No testimony is sufficient to establish a miracle, unless the testimony be of such a kind that its falsehood would be more miraculous than the fact which it endeavours to establish.
-- David Hume

So I read that the Catholic tribe are going to declare that their ex-leader John Paul II has become a supernatural being; their claim is that even though he's long dead some part of his conciousness still exists and is able to communicate with living people and exert invisible forces at the cellular level within the bodies of certain cherry picked individuals (also Catholic) to cure them of illnesses that are seemingly incurable; all this from a distance of thousands of miles from the crypt in Rome where his corpse lies serenely decomposing.

Statistically of course being cured (or appearing to be cured) of certain diseases like Parkinsons is very rare but statistically improbable events within large populations of things (7 billion human beings in this case) happen all the time; the medical establishment even measure and document them. The good philosopher David Hume advised us to ponder this over 200 years ago, he suggested that we consider what is more likely, that a particular individual has an occurrence of a remission from a condition (that many have had before and since) or that a dead body can exert curative forces supernaturally across vast distances?

The balance of probability on this seems pretty clear to me and clearly those Catholics need to get a grip on reality; next they'll be claiming that a Brit can win Wimbledon!

Thursday, July 04, 2013

The art of listening..

Most Religions frown upon this particular art form, as usual, Jesus and Mo nails it.

Tuesday, July 02, 2013


I read today that channel 4 will be providing extensive coverage of Ramadan this year.
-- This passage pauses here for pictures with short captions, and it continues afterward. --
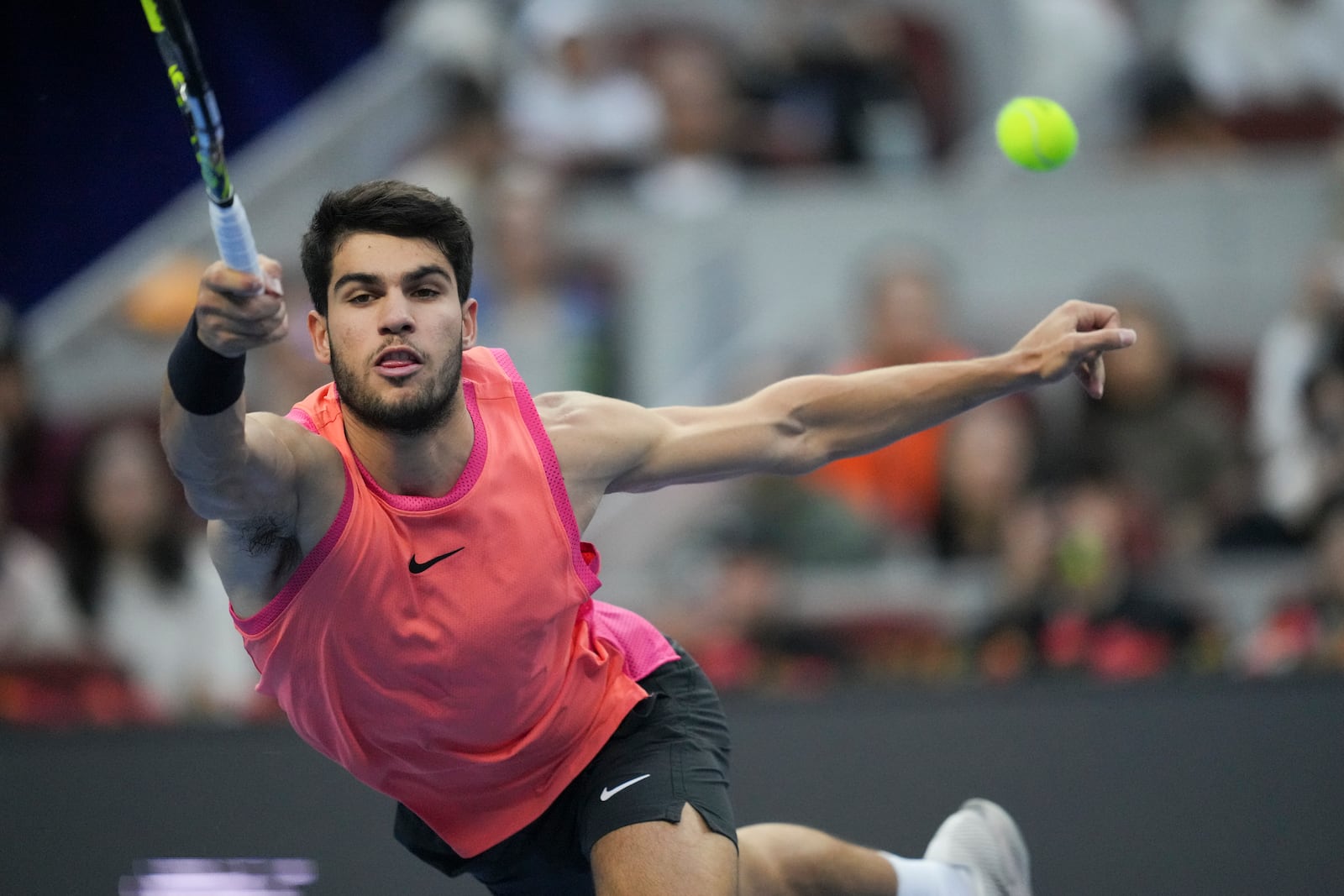 FILE - Carlos Alcaraz of Spain returns a shot from Jannik Sinner of Italy during their men's singles finals match of the China Open tennis tournament, at the National Tennis Center in Beijing, Wednesday, Oct. 2, 2024. (AP Photo/Achmad Ibrahim, File)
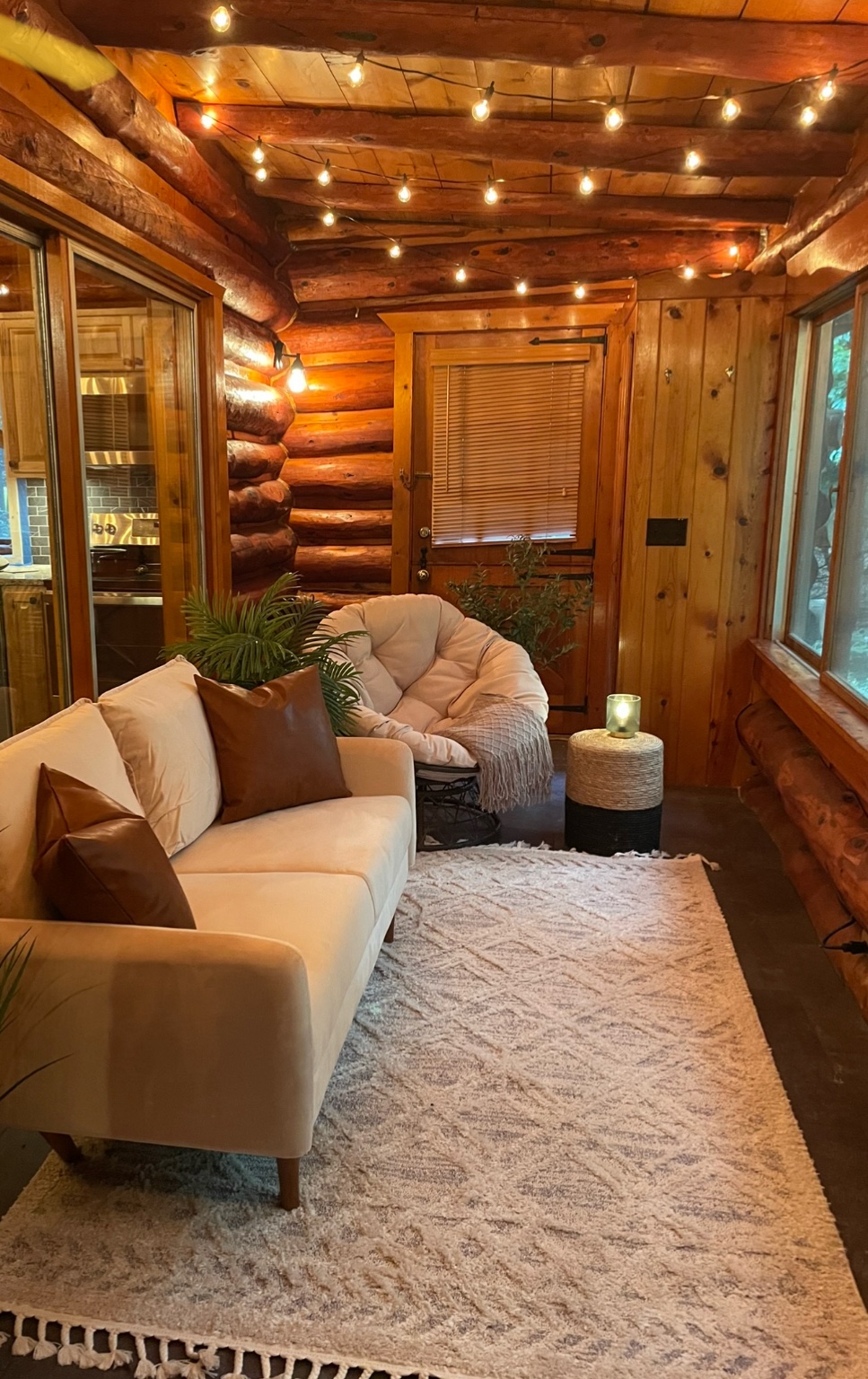 Four‑season sunroom with sofa and string lights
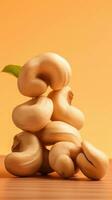 cashews on a light brown background with space for text on the side, background image, vertical format, generative AI photo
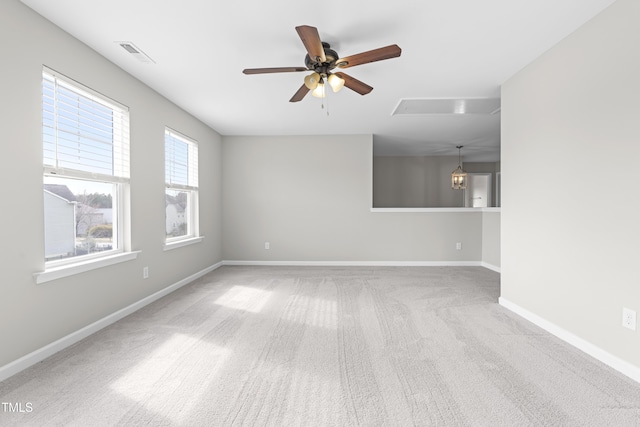 empty room featuring visible vents, baseboards, carpet floors, attic access, and ceiling fan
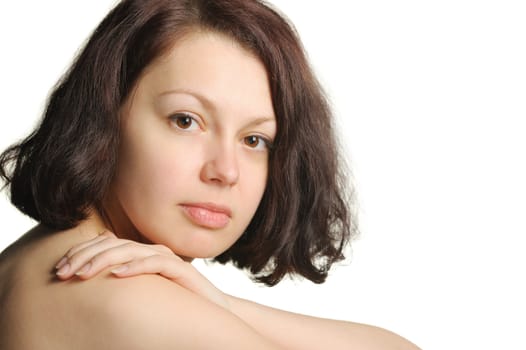 The beautiful young woman embracing hands. Natural beauty. It is isolated on a white background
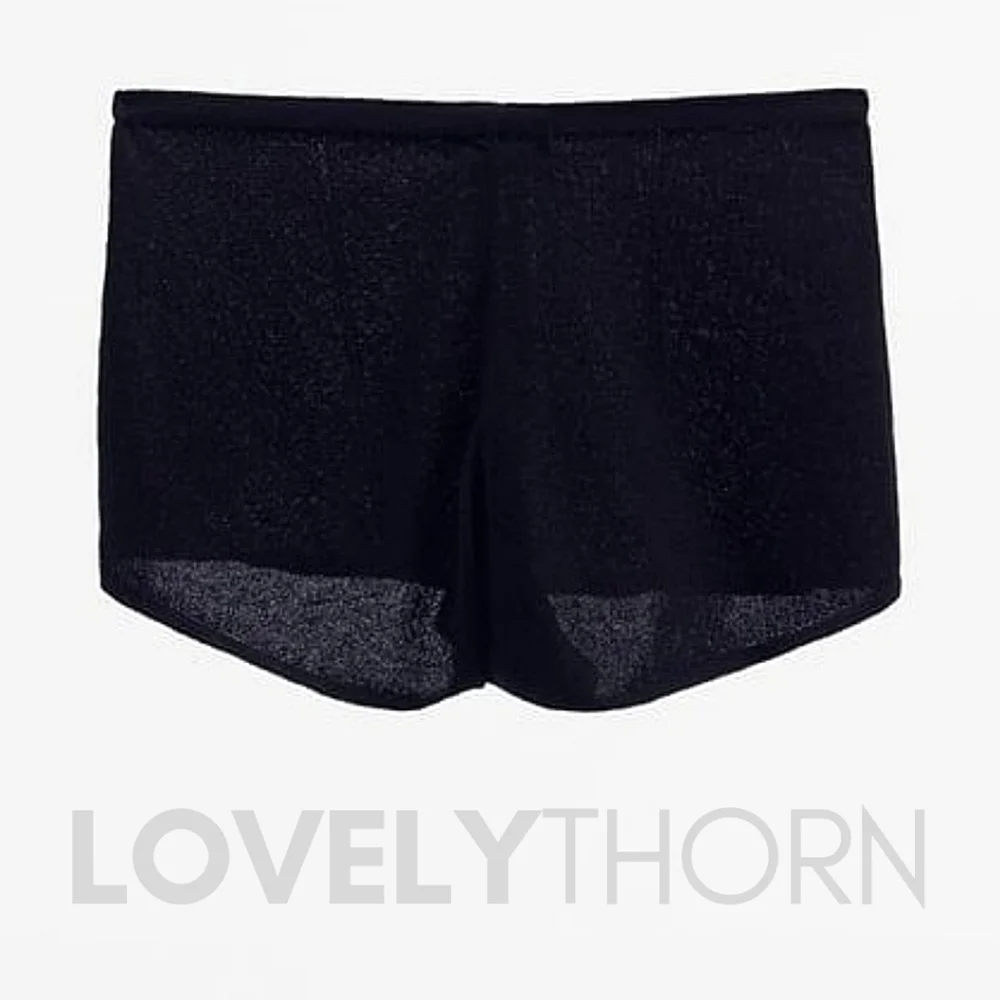 ZARA // black slightly frilled hem high elastic waist knit shorts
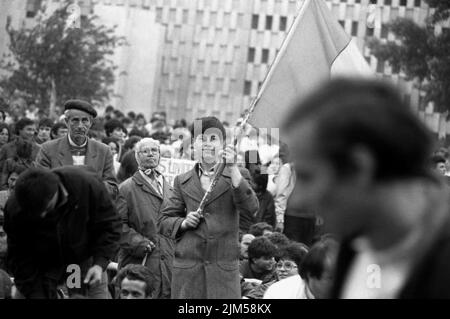 Bucarest, Roumanie, avril 1990. « Golaniada », une importante manifestation anti-communiste sur la place de l'université après la révolution roumaine de 1989. Les gens se rassembleraient tous les jours pour protester contre les ex-communistes qui ont pris le pouvoir après la Révolution. La principale demande était qu'aucun ancien membre du parti ne soit autorisé à se présenter aux élections de 20 mai. Sur cette photo, un garçon agite le drapeau roumain avec l'emblème socialiste coupé, un symbole anticommuniste pendant la révolution. Banque D'Images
For those that don't know Ramadan is the Muslim period of prayer and fasting that lasts roughly one month every year, a period of 30 or so days when Muslims are not supposed to eat, drink, smoke or have sex between dawn and sunset. I'm sure TV coverage of hungry, thirsty and horny people praying will be riveting for some, but as an atheist I would struggle to think of any kind of coverage of anything more pointless (well, maybe big brother or that awful thing in the jungle)

Channel 4 is claiming that these programmes will "provoke" us non-Muslims and bring to our attention the period of personal sacrifice and worship about to take place, what? In what kind of warped universe is the act of skipping lunch and afternoon nooky for a few weeks any kind of "sacrifice"? For me, (real) sacrifice, is doing something like Captain Oates did on the Terra Nova expedition to the Antarctic he wandered out of a warm tent to a certain frosty death so that his comrades wouldn't be slowed down by his ill heath or perhaps the 300 Spartans at the battle of Thermopylae who faced overwhelming odds and yet stood their ground for their tribe; some might even see the deaths of the thousands of lads that went over the top at the Somme as some kind of sacrifice, let's not mince words though sometimes sacrifice can be stupid and pointless.

Surely true personal sacrifice has to contain some aspect of altruism or it's just plain old self interest, (imagined or otherwise) isn't it? Why would anyone be interested in or impressed by watching a bunch of people skipping lunch because they think this helps to feather their own imagined eternal nest like some kind of deistic version of the apprentice? I think what's more likely is that most non-religious and/or rational-secular people here will see this all as slightly comedic; something to be ridiculed and parodied (more like the egotistic, self-centred candidates on the TV show), certainly not thought provoking in the way the producers seem to hope.

Of course in a liberal democracy like ours people should be allowed to believe whatever they wish (including the people that think this kind of sacrifice is pointless) free speech is a privilege that unfortunately isn't afforded to most people in most Islamic countries. So, if some Muslims want to give up lunch, sex and silk cut then good for them, if others don't then good for them too! But, be careful what you wish for, some ideas and beliefs are probably better kept within the confines of our personal lives and not exposed to the barbed critique of outside and unsympathetic perspectives unless that criticism is sought; we all know how sensitive some people can be about these things.